=== AIM OF THE TASK ===
Begin at the line below that has "Factory Workshop Panorama". Stop after the line that has "Light New Condition", repeating each line exactly and leaving out the pictures.

Segment Start: RECORDS

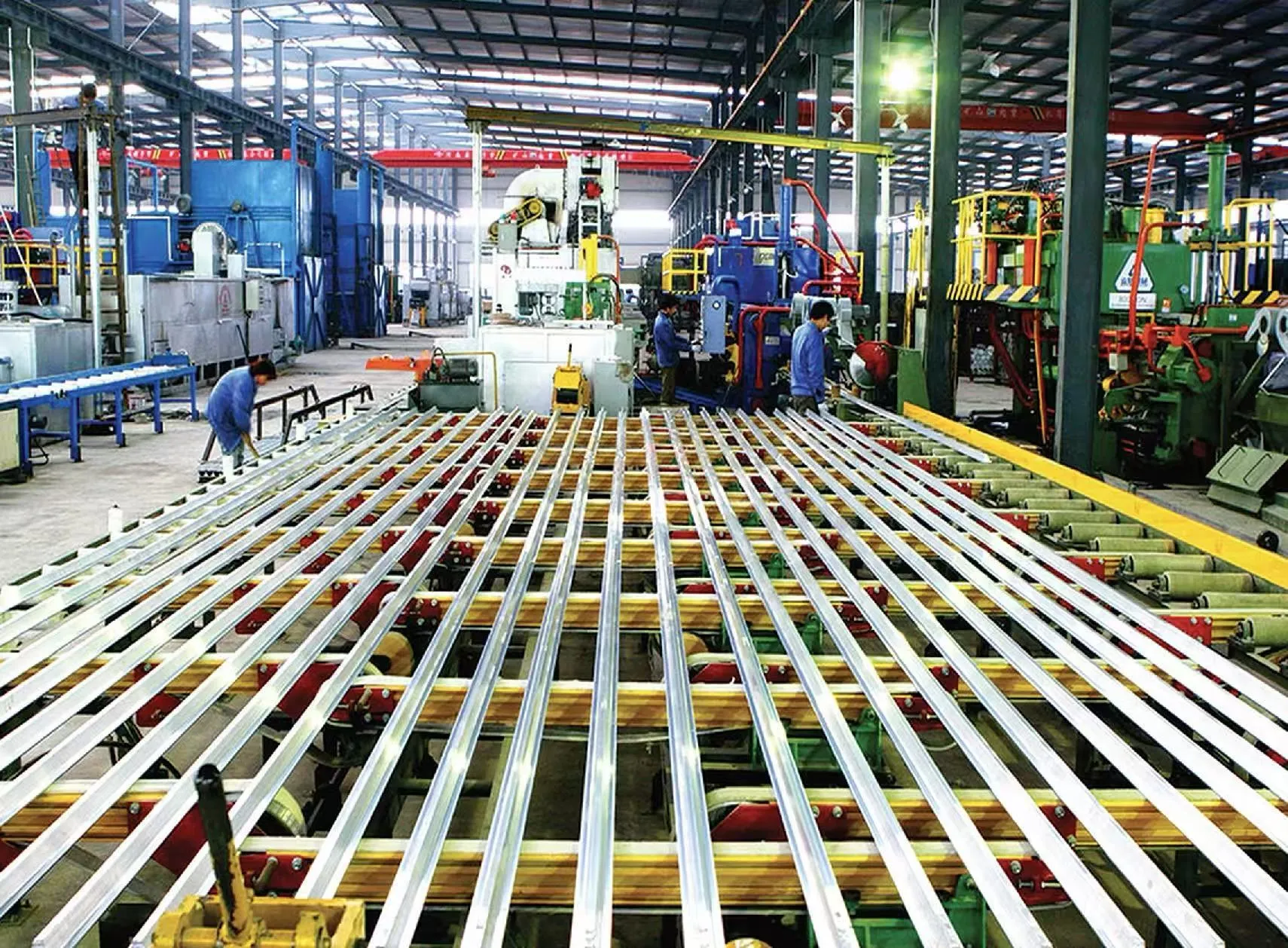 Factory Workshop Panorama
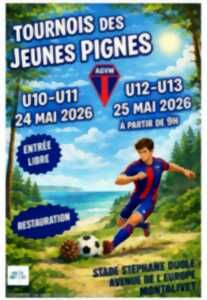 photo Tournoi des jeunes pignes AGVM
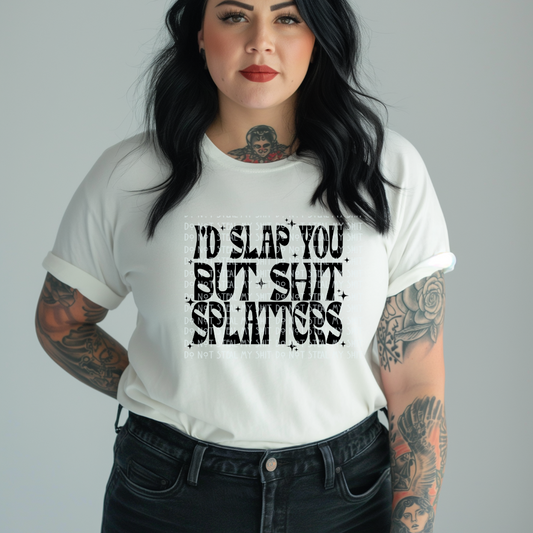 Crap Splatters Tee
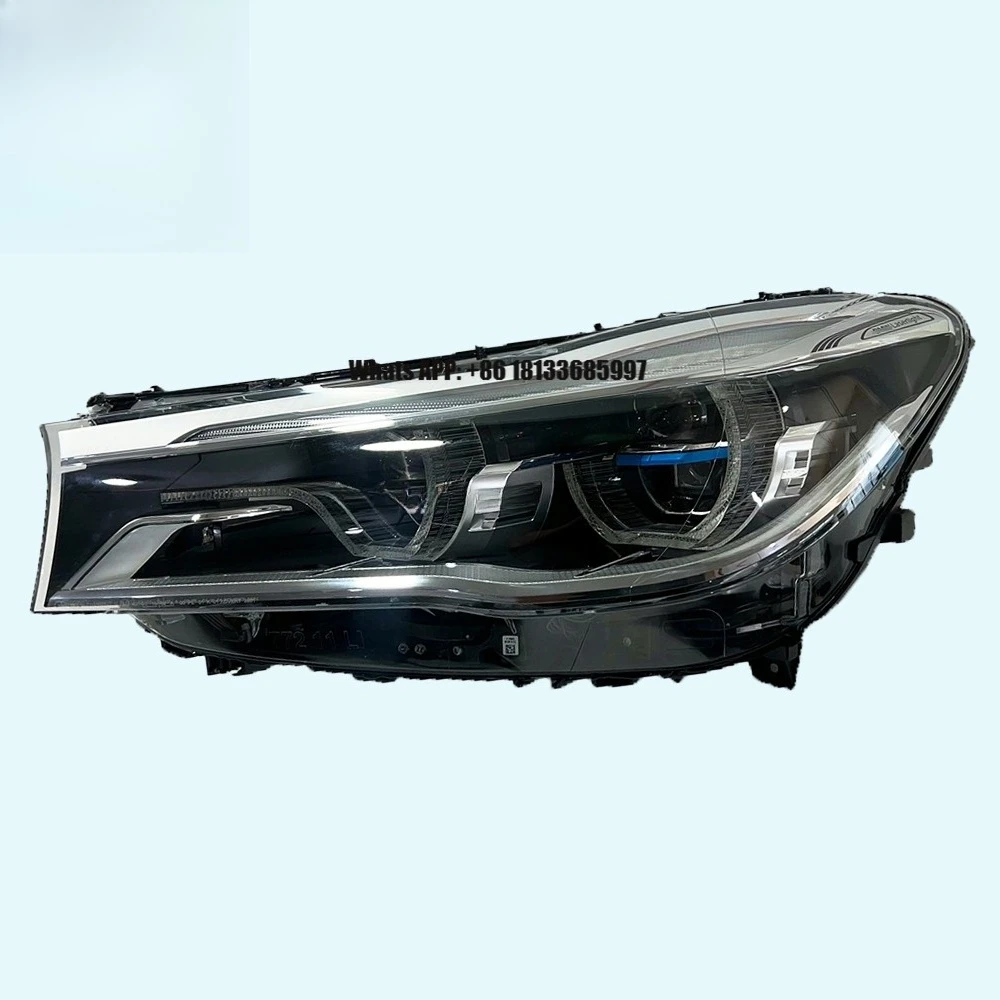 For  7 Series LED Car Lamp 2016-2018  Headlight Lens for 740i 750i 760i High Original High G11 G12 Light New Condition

Segment End: RECORDS
Segment Start: RECORDS

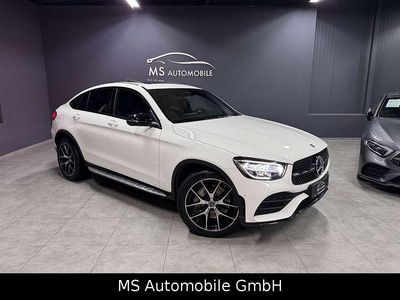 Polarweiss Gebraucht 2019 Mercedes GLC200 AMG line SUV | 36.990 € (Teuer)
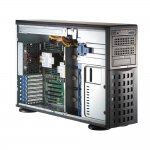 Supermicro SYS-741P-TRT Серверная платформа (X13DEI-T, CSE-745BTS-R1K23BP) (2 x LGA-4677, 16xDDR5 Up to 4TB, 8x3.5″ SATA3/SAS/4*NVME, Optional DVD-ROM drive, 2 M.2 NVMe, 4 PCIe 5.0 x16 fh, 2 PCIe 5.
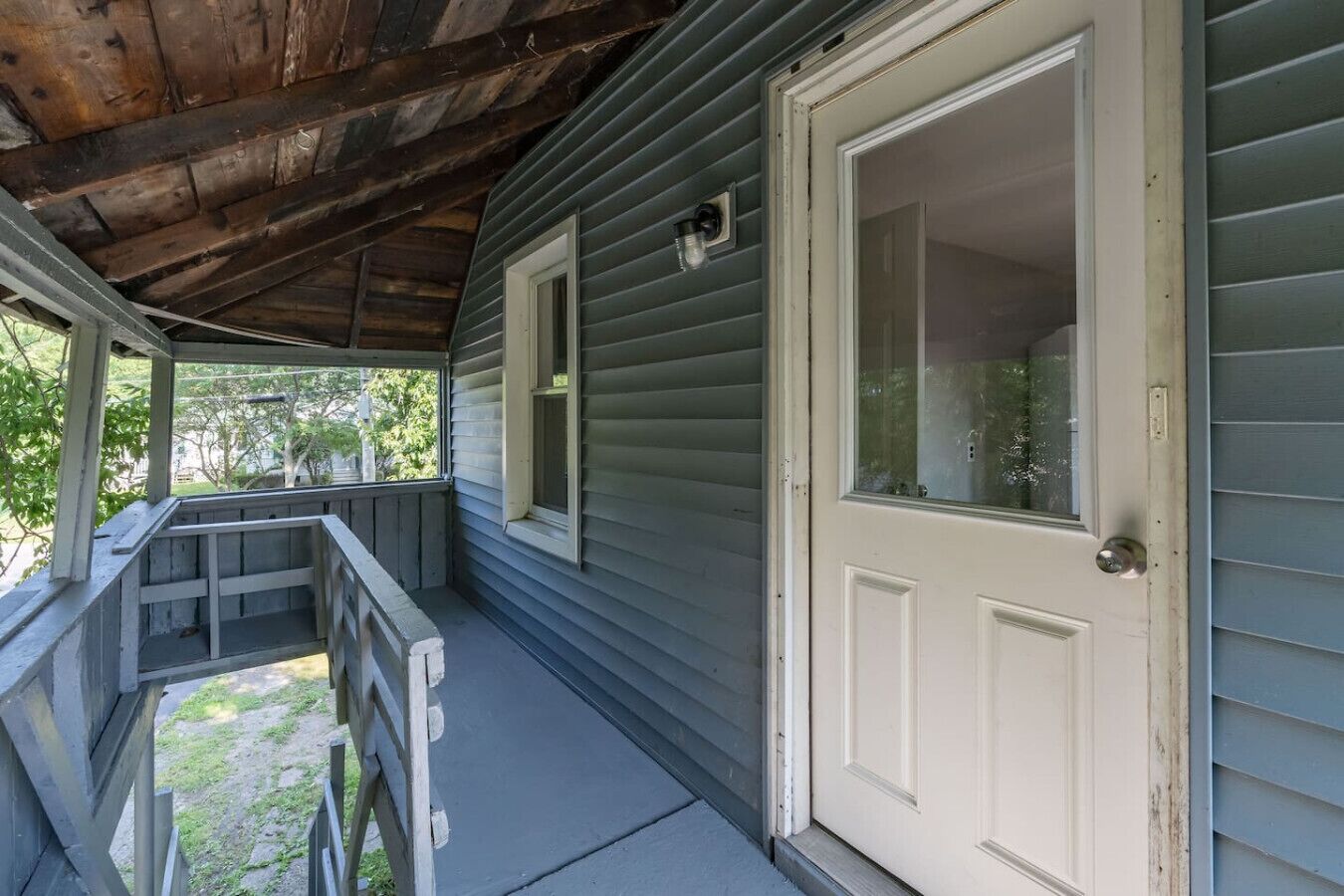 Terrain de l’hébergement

Segment End: RECORDS

=== TASK OUTPUT ===
 Factory Workshop Panorama
 photo Tournoi des jeunes pignes AGVM
 Crap Splatters Tee
 For  7 Series LED Car Lamp 2016-2018  Headlight Lens for 740i 750i 760i High Original High G11 G12 Light New Condition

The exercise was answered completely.